The present study has the advantage of having evaluated nearly 650 consecutively collected cytologic specimens from adolescents. However, consistent with prior studies of cervical dysplasia and the retrospective nature of the report, follow-up was not available for the entire cohort. Additionally, diagnosis and management of the subjects was not standardized and was at the discretion of each participant’s physician. Finally, on a subset of the study population, only cytologic follow-up was available. Cytologic follow-up alone is commonly used for the follow-up of adolescents with cervical dysplasia. Thus, the lack of histologic correlation is not surprising and reflects the current practice patterns used for adolescents with dysplasia.

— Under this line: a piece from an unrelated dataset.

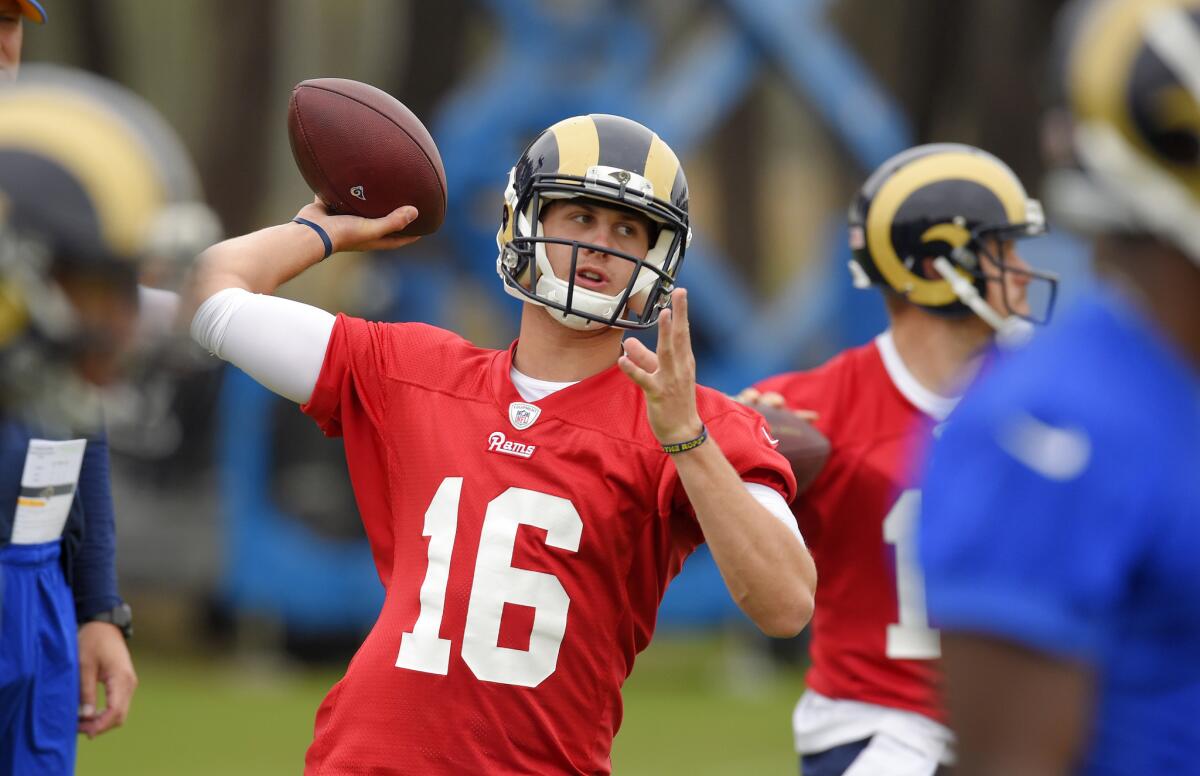 Former Cal Golden Bear and current Los Angeles Rams quarterback Jared Goff, left, passes the ball during practice, Tuesday, June 14, 2016, in Oxnard, Calif.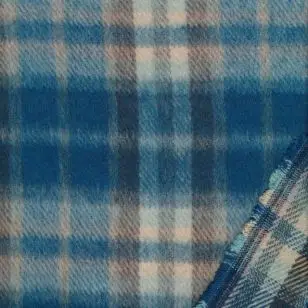 Ternet uld/polyester i petrol brun offwhite - Uld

Our findings reveal that adolescents with LSIL and HSIL cytology are at significant risk for the development of high-grade cervical abnormalities. Overall, 18% of teenagers with LSIL and 51% with HSIL were eventually found with a high-grade lesion. These rates are similar to those previously reported in adult populations. Thus, adolescents with cytology reported as SIL carry a similar risk for underlying cervical intraepithelial neoplasia as adults. Although these findings help to define the underlying risk of CIN in adolescents with SIL, the natural history of biopsy-confirmed CIN 2 and 3 in adolescents remains poorly defined and is currently under investigation. Based on limited data, it has been suggested that CIN in adolescents is more likely to regress without treatment. Although less intensive intervention for adolescents with LSIL and HSIL certainly seems reasonable, these adolescents are still at considerable risk and warrant close follow-up. Contraceptive counseling at the time of follow-up would certainly seem prudent. Prospective studies to evaluate alternative management strategies for adolescents with LSIL and HSIL are clearly warranted.